Findings across the five frequency bands validated the pre-established hypothesis tested here: GDD participants presented reduced functional connectivity in three bands ($\theta$, $\alpha$, $\gamma$), alongside local hyperconnectivity in the $\alpha$ and $\beta$-bands, demonstrating a dual pattern of “global hypoconnectivity and local hyperconnectivity”. The enhanced local connectivity may represent a compensatory response to core deficits such as insufficient information integration, whereas weakened global connectivity directly reflects cognitive impairment. Differences in brain network metrics between groups provide comprehensive insight into abnormal connectivity patterns in GDD participants. However, owing to the high heterogeneity of GDD populations, inherent neural signatures of specific GDD symptoms may be overlooked. These findings highlight the importance of considering clinical heterogeneity in GDD and the necessity of tailored intervention strategies. Future studies could integrate multimodal techniques (e.g., high-density EEG, fMRI, fNIRS) to further analyze the structure‒function connectivity correspondence in the brain.

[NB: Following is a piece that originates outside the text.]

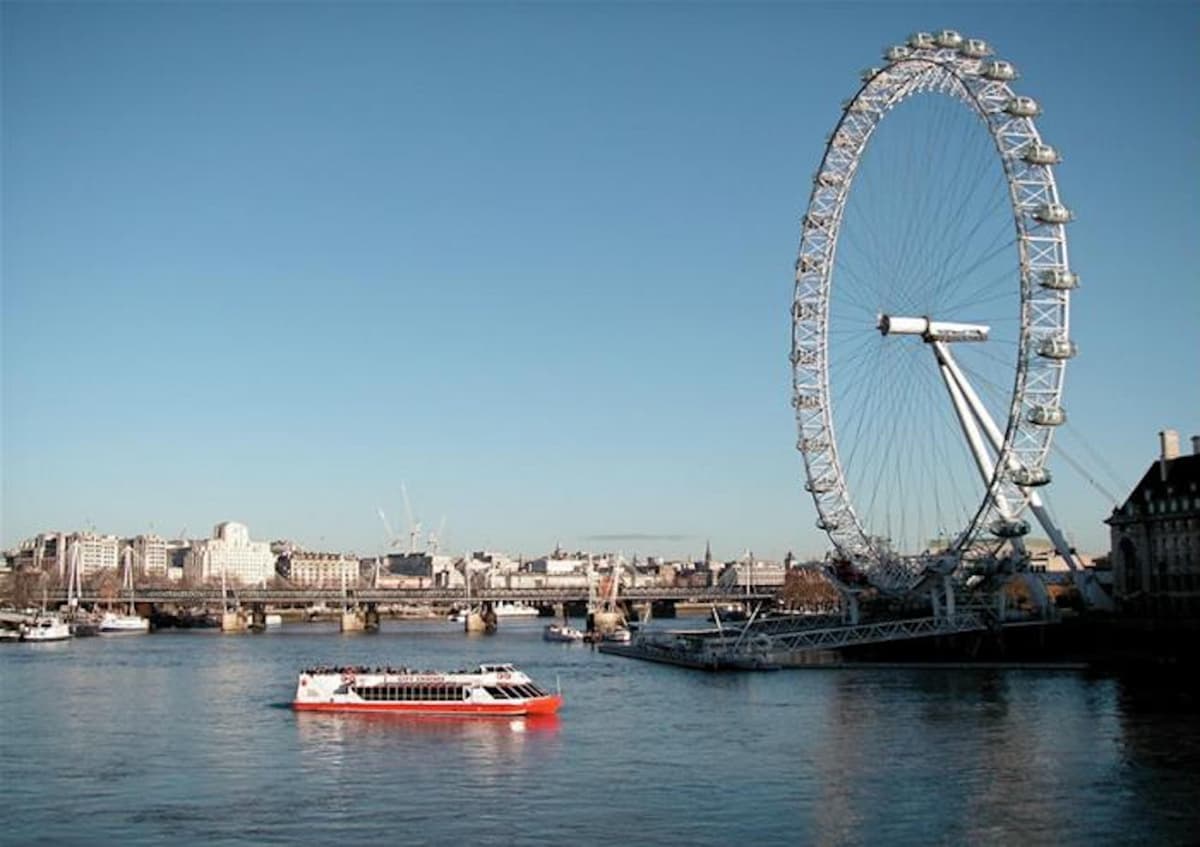 Evening Cruise on the River Thames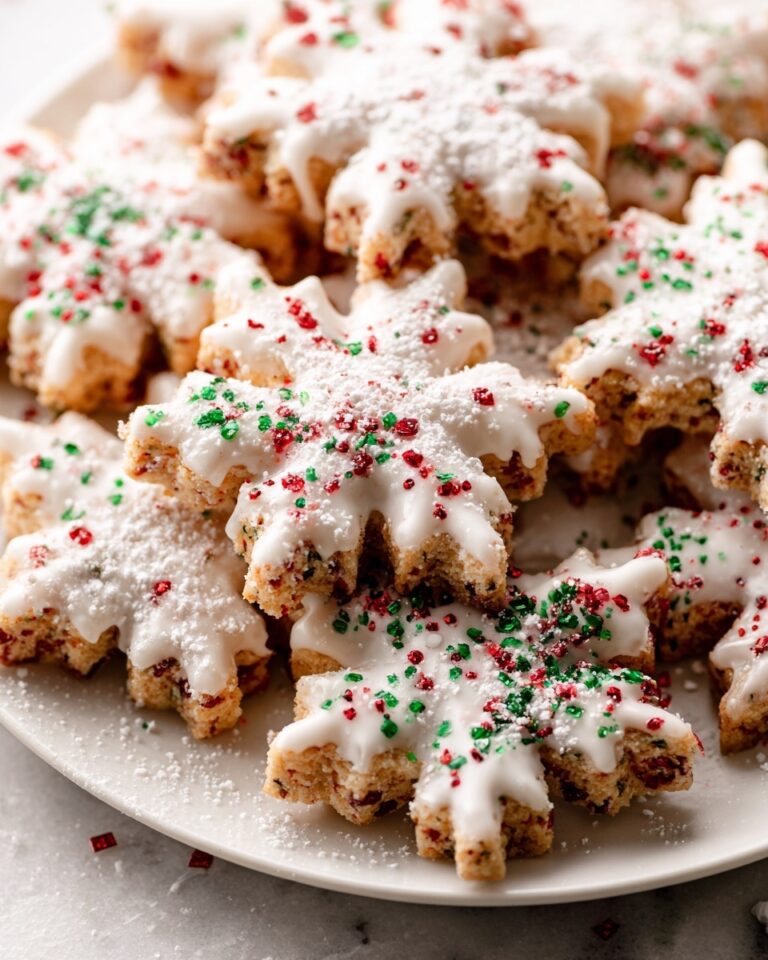 Christmas Butter Cookies Recipe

Correlation analysis revealed that brain network parameters in GDD participants were closely associated with cognitive functions. Specifically, in GDD participants cognitive function was positively correlated with global efficiency in the $\theta$ and $\gamma$-bands and negatively correlated with characteristic path length in the $\alpha$ and $\gamma$-bands. These findings indicate that decreased global efficiency and prolonged path length in specific bands may be closely linked to cognitive decline in GDD participants. The positive correlations between cognitive function and small-world coefficients in the $\theta$ and $\gamma$-bands suggest that cognitive impairment in GDD participants may be associated with the transformation of small-world networks toward random networks. These findings highlight the clinical importance of these network metrics, which hold promise as objective neurobiological markers for evaluating the severity of GDD and associated cognitive impairments. Moreover, these correlations deepen understanding of the neuropathological mechanisms underlying GDD, providing valuable intervention targets for precision neuroregulatory therapies.

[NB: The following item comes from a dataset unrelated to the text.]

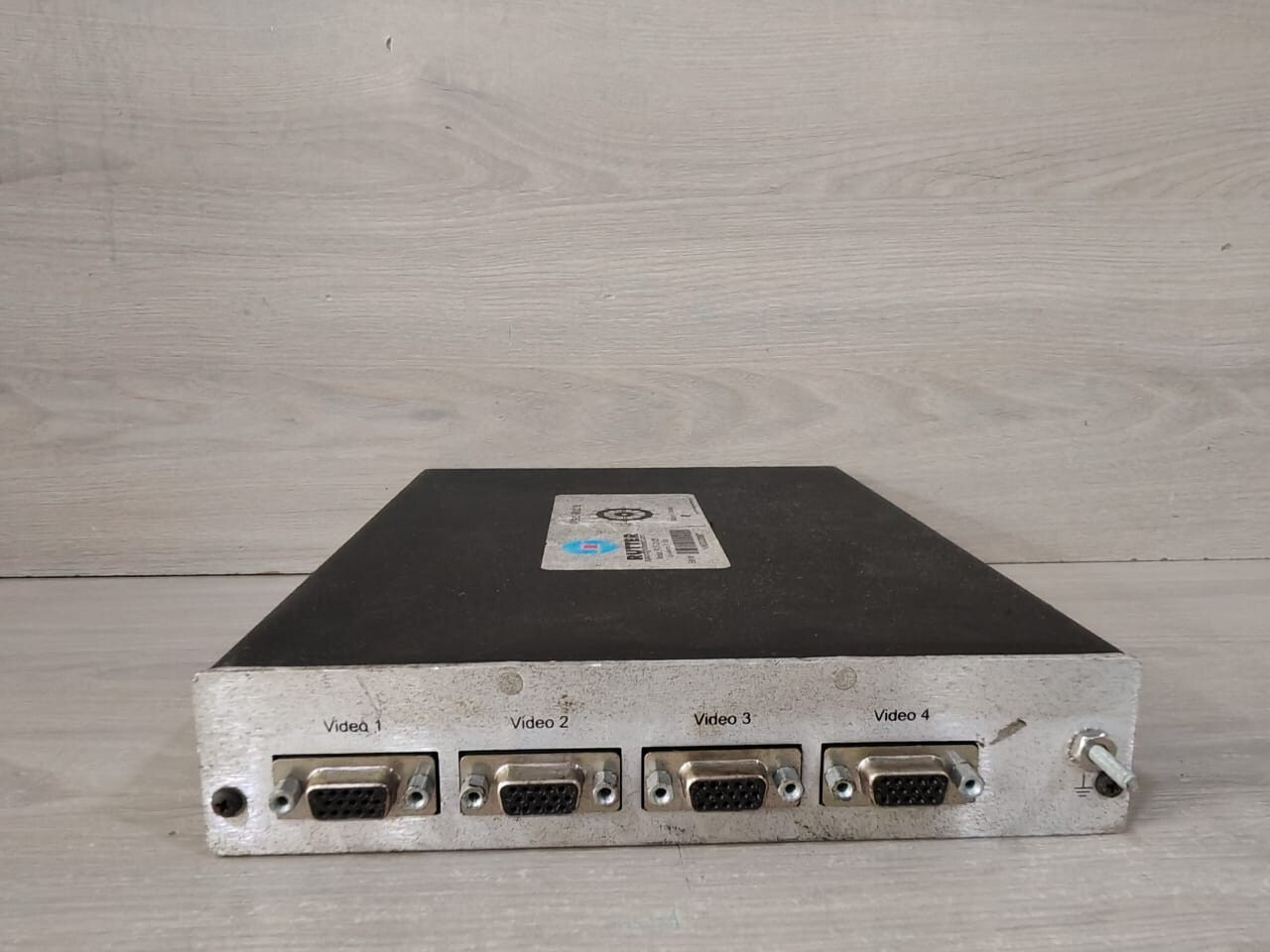 RUTTER RUT-01005 RUTTER RUT-01005 VIDEO MODULE 6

SVM, which is rooted in statistical learning theory, achieves structural risk minimization and serves as a supervised learning technique for classification and regression [58]. It has been widely applied to construct clinical disease classification models. Among the three models, the QPSO-SVM model demonstrated the best classification performance. However, its high AUC value suggests a risk of overfitting, which may be related to the small sample size in this study and may affect model generalization to new data. In the future, sample size should be expanded and multi-centre external validation should be conducted to mitigate the impact of such overfitting. Repeated permutations of feature parameters to observe model performance help highlight the contribution of features to model prediction, thereby screening valuable biomarkers. Results show that the characteristic path length in the $\gamma$-band had the highest feature weight across all models examined, underscoring its potential as a neural marker. Notably, statistical correlations do not guarantee direct biological mechanisms, necessitating further biological validation to determine their clinical significance.

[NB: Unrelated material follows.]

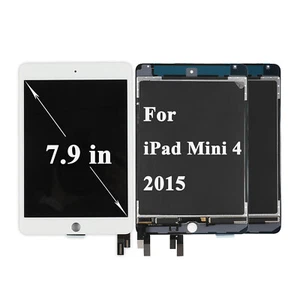 For iPad Mini 4 2015 7.9in LCD Display Screen Replacement Touch Digitizer White - Picture 1 of 18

This study has several limitations. First, the sample size was relatively small, making subgroup analysis on the basis of the severity of cognitive impairment difficult. Future studies could enroll larger samples from multiple centers to better understand the heterogeneity among GDD populations. Second, the heterogeneity of GDD etiologies and the high noise in participant’s EEG data limited the choice of sliding thresholds when constructing functional brain networks. Stratified analysis or collection of fNIRS/MRI data with higher SNRs could support range threshold analysis in the future. Finally, the cross-sectional design of this study does not allow the inferring of causal relationships or unraveling the associations between cognitive-behavioral assessments and functional connectivity in GDD participants. Prospective designs are recommended for future research on this topic.